If you are trying to navigate rooms then you might want to consider something other than brute force A* as you just need to go from entryway to entryway. There was an article about this on this site about 6 months ago from memory and probably has NavMesh in the title.

Assuming that obtaining a map of passable and impassable little squares from your levels is a solved problem, your task is A* pathfinding on a very large but mostly unobstructed square grid map.

There are various algorithms to do it quickly and exactly taking advantage of the grid structure and uniform costs in the pathfinding graph, for example “jump point search" (see Wikipedia) which is based on the insight that out of many equivalent optimal paths you can restrict the search to the ones that go straight as much as possible (up to walls, corners and other “jump points”) thus operating on a vastly reduced search space.

Omae Wa Mou Shindeiru

Thank you very much for your feedback. I will test it later this week! Especially Jump Point Search looks very promising, because I already have the perfect grid to operate on.

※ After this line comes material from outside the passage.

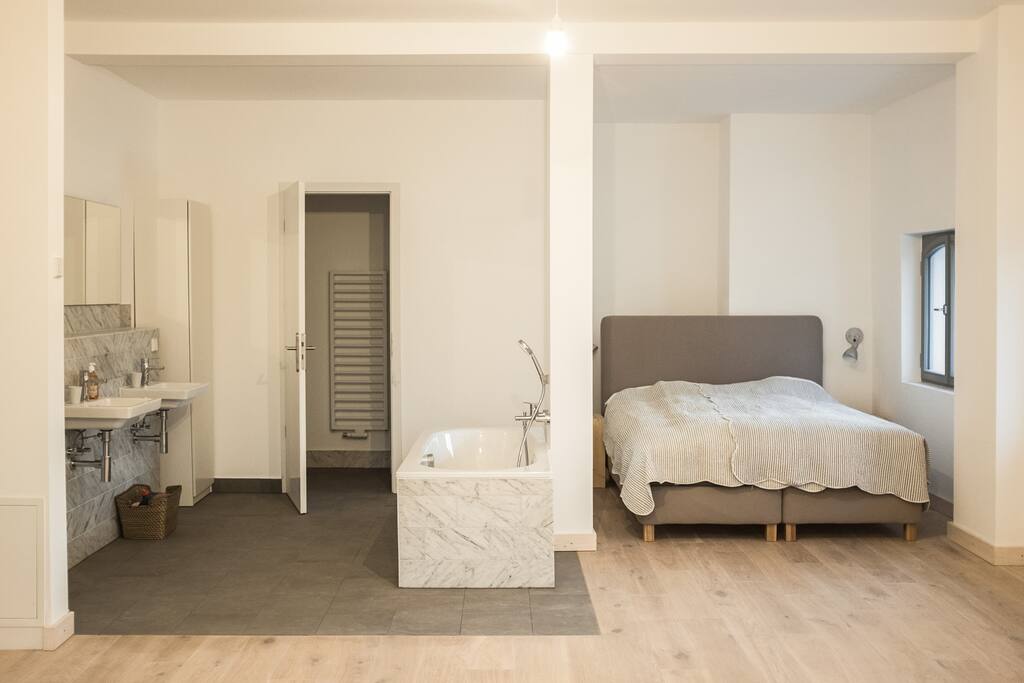 Schlafbereich und Badezimmer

I started reading the paper about Jump Point Search yesterday and implemented it into my game engine. It was a great tip! Thank you very much, LorenzoGatti! I already had an image created that I wanted to use as graph, so the algorithm was perfect for me. I did some testing with the largest ships in my game. Creating the graph takes ~130ms which is done only when starting the game or when the players retrofits his/her ship. Creating the image-based graph is very fast, dynamic and super easy to store. This alone would be major advantage to my previously used strategy. After implementing Jump Point Search, searching for the longest possible path in the largest ship takes up to 120ms. Using the same graph with A* was around 3s! You do not feel the computational delay, so navigating in ships is fine. I will test dungeons in the next days which are much larger. If the algorithm performs similar to ships, then I am done! :-)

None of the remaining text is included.